Radio FM4
Monday midnight on FM4 and everywhere there are podcasts: FM4 Film Podcast
FM4 colleague Christian Lehner already has detailed euphoric and critical thoughts on the new film by cinema bombast Baz Luhrmann formulated. Just so much at this point to “Elvis“: In the best moments of the two-and-a-half hour rock ‘n’ roll epic, there is a crackling electricity in the air. It sizzles and sparks. Fuses burn.
Costumes, belt buckles and rings sparkle. Hips swing, legs tremble. And from the mouth of the great Elvis actor Austin Butler, one of the most important sentences in pop history remains: “If I can’t move I can’t sing.” Both Natalie Brunner and I were seized by this energy in the cinema hall. In the new edition of FM4 Film Podcast we take a close look at the Elvis phenomenon and the remarkable larger-than-life approach of Baz Luhrmann from the spirit of the music video.
Warner Bros. Ent.
Eighties-Hardrock in Airbrush-Verpackung
And then the episode revolves around another pop culture god who actually rose from the old Norse sagas. But while one associates brutal black metal with the fierce Viking battle record “The Northman”, Marvels stands Space-Viking for eighties hard rock in airbrush packaging. Accompanied by Guns’N’Roses hits, Thor’s return to the most successful cinematic universe of the present pushes everyone retrofuturistic Buttons.

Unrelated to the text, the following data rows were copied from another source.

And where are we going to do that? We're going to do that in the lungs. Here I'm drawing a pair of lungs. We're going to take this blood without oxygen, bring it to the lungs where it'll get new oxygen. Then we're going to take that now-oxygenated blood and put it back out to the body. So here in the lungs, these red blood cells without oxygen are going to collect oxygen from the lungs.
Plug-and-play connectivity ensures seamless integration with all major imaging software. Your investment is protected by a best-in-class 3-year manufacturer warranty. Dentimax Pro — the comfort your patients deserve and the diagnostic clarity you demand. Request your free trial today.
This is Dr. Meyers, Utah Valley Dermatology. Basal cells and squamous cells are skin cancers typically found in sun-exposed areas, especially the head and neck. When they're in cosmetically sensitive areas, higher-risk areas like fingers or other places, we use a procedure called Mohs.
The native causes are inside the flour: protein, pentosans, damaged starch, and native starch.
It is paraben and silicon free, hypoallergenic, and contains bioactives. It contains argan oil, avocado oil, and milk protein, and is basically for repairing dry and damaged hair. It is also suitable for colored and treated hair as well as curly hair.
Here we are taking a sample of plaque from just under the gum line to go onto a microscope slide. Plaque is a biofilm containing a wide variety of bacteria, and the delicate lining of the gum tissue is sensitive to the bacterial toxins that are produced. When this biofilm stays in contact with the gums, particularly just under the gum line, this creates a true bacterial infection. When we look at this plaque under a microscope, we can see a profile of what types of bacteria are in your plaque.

At the beginning of “Thor: Love & Thunder‘ The usual Marvel logo is missing at first. We jump right into the story with a spooky prologue. Christian Bale plays an extraterrestrial man dying of thirst in a distant desert. At the end of the scene, he survives but has to bury his young daughter. The fevered alien has become Gorr the God Butcher, who seems to have stepped straight out of an old Marilyn Manson video. Gods who allow a girl to die must die, is his oath.
Marvel
The gods must be crazy
And we meet a lot of gods and goddesses in this film, without any annoying multiverse. “Thor: Love & Thunder” takes place in the MCU – and as is well known, all classic mythical worlds coexist in it. We have already got to know the Nordic kingdom of gods Asgard in detail in the “Thor” films, up until its destruction. The New Asgard now presents itself as an earthly Disneyland for superhero fans. Multicultural and superwoke, but also totally geared towards tourism monies.
The former blonde ruler has retired. Thor races through the cosmos with the Guardians of the Galaxy to quickly save a few planets while exercising his overweight body. And he also preaches a bit of Californian New Age thinking, the vain Viking rooster in space. A tough and tender mega man, straight out of the columns of kitschy women’s magazines.

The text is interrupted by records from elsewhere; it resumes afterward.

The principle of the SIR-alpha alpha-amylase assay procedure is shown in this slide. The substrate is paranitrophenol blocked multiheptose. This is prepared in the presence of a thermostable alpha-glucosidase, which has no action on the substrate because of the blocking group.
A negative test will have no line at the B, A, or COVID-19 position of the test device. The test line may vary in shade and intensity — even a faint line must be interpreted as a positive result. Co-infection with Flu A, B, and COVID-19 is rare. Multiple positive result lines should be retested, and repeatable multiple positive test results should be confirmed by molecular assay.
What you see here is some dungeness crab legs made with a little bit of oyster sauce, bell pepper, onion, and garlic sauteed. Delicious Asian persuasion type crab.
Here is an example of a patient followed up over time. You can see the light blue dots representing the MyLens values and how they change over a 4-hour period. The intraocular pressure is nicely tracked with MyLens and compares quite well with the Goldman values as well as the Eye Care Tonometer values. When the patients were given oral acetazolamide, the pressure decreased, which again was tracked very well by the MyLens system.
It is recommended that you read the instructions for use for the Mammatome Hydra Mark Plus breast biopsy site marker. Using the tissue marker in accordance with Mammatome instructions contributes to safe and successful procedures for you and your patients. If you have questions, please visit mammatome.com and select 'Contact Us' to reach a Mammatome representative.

The fabulous New Zealand director Taika Waititi (Jojo Rabbitt, What We Do In The Shadows) pushes all the comedic buttons in the first third of his film. And with action star Chris Hemsworth, of all people, he now has a gifted clown in the leading role. But the comedy gold medal goes to Russell Crowe with a sarcastic Alex Reed appearance.
Marvel
RomCom in superhero costume
Natalie Portman owes the fact that the mood then shifts to the dramatic and romantic. Exactly, Dr. Jane Foster is back. How the thunder god’s ex-lover becomes a superhero is not to be revealed here. But we already know from the trailer that the petite Jane in The Mighty Thor transformed, including hammer.
At the latest when the two Thors meet the Godbutcher, we have arrived in the usual Marvel territory. The digital effects radiate the same artificial ridiculousness that was recently seen in “Dr. Strange: In The Multiverse of Madness” or the “Eternals”. Aside from the unsuccessful showdown, this RomCom in a superhero costume is quite fun.